I don't think sin(x)/x is readily done by parts or any other elementary operation. This is a case for PH's forte, complex analysis.

You can start by using $\frac{e^{iz}}{z}$ , because it has a simple pole at z=0 and has a residue $e^{i(0)}=1$

I have been studying a little CA when I have time, but don't have my sea legs yet.

**kalagota** · November 30th 2007, 06:40 PM

yeah, i was solving it using ibp but i don't get anything useful..
about using CA concepts, it is possible if s/he has taken the course.. personally, i haven't taken it so i can't even use it.. Ü

**Krizalid** · November 30th 2007, 07:00 PM

Originally Posted by liyi

Evaluate $\int_{-\infty}^{+\infty}\frac{\sin x}x\,dx$

$\frac1x=\int_0^\infty e^{-ux}\,du.$ so,

$\int_{ - \infty }^{ + \infty } {\frac{{\sin x}} {x}\,dx} = 2\int_0^\infty {\int_0^\infty {e^{ - ux} \sin x\,du} \,dx} .$

Now the remaining challenge is to compute ${\int_0^\infty {e^{ - ux} \sin x\,dx} }.$ (Reverse integration order.)
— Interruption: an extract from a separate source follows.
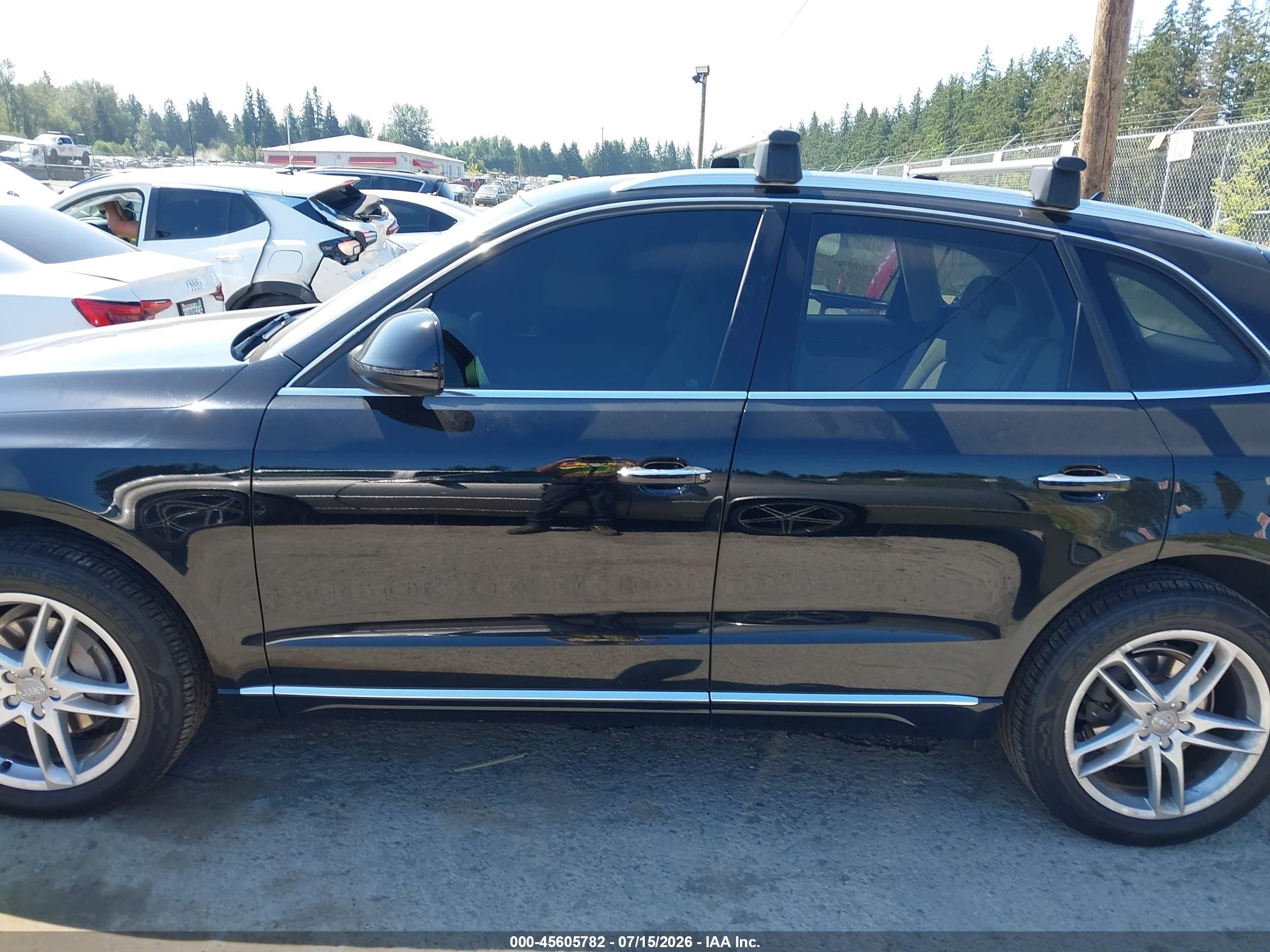 2015 Audi Q5 2.0t Premium Black vin: WA1LFAFP5FA024569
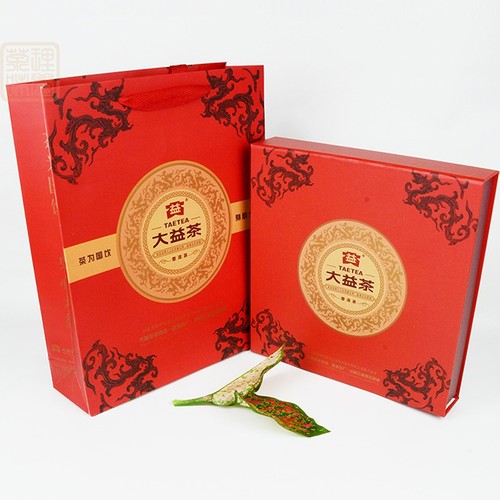 大益红色翻盖单饼通用礼盒手挽袋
This is nasty applyin' integration by parts, but it's quickly considering the following:

$\int_0^\infty {e^{ - ux} \sin x\,dx} = \text{Im} \int_0^\infty {e^{ - (u - i)x} \,dx} = \text{Im} \frac{1} {{u - i}} = \frac{1} {{u^2 + 1}}.$

And finally

$\int_{ - \infty }^{ + \infty } {\frac{{\sin x}} {x}\,dx} = 2\int_0^\infty {\frac{1} {{1 + u^2 }}\,du} = \pi .$

**galactus** · December 1st 2007, 03:34 AM

Whoa, Kriz, you show off you. I am now bowing to the master. Very clever indeed.

**ThePerfectHacker** · December 1st 2007, 02:20 PM

Let $f(z) = \frac{e^{iz}}{z}$ . Consider the square contour $C$ (for $A,B>0$ large) from $-A$ to $B$ with $\gamma$ be a semicircular contour from $-r$ to $r$ (for $r>0$ small).
Then by Cauchy's theorem*:
$\int_{r}^{\infty}\frac{e^{ix}}{x}dx + \int_{-\infty}^{-r} \frac{e^{ix}}{x} dx - \int_{\gamma} f(z)dz = 0$
Now make $r\to 0^+$ to get:
$\int_{-\infty}^{\infty} \frac{e^{ix}}{x} dx = \pi i$
Equate real and imaginary parts.

*)The issue of convergence is covered by Jordan's lemma.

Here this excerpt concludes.